Most helpful customer reviews
0 of 0 people found the following review helpful.
An homage to the greats...
By Esme
Overall a good effort for a first novel. It is a wandering tale, about a bland, bumbling sort of man, where small events keep unfolding that move the plot forward, but the result is very little sustained dramatic tension. The language is not that particularly evocative, and I didn’t feel like I learned anything more in depth about a place or a time I didn’t already know. “Men of Winter” seemed like an homage to a type of novel and a region with which the author must be enthralled.
The narrator, Hektr Pastrovich is a reporter who has gone to the North Country, where war rages not too far away. He is in search of a mysterious figure, the Prince of Ithaka, who has piqued his curiosity. He does not know the man’s real name. Then on the train ride north he meets a mysterious woman who also piques his curiosity and desire, but will not share her real name. This is the first of several echoes in the novel. The others being that Hektr gets lost; multiple people, including Hektr, receive injuries to the head; and women offer him sex.

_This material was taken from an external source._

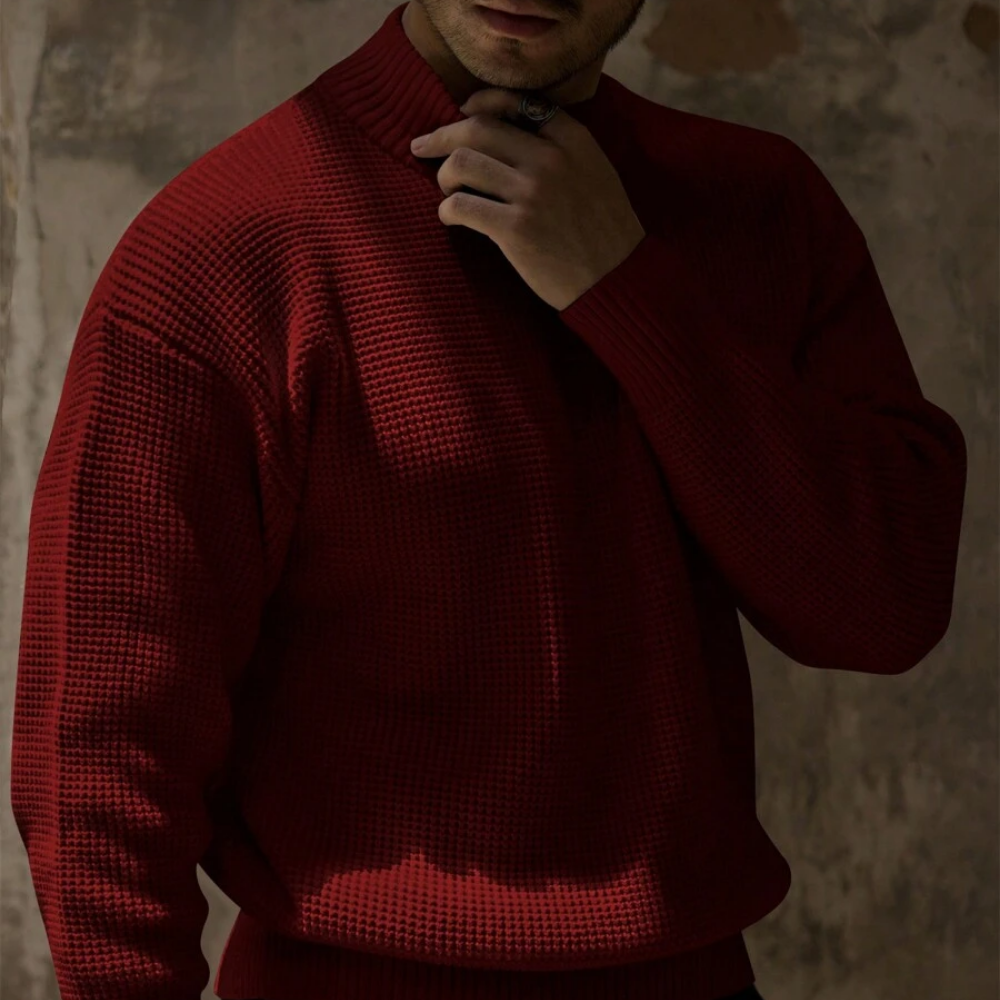 Gabriele - Diamond Turtleneck Sweater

As Hektr goes about looking for vestiges of the Prince, he visits a hotel, an asylum, and stops to get a hard-won cup of coffee from a presumed grieving woman. As a savvy reader, I filed each of these scenes away assuming each would likely yield a piece of the puzzle that will get us closer to the Prince – but they don’t. In time I lost interest in the Prince, and I think Hektr did too – far more urgent is the war that is going on not too far away from the town where he is holed up in his pension (the word pension is used so frequently one could contrive a drinking game around it, surely the word lodging or boarding house would have sufficed a time or two) playing charades and chess and drinking copious glasses of vodka.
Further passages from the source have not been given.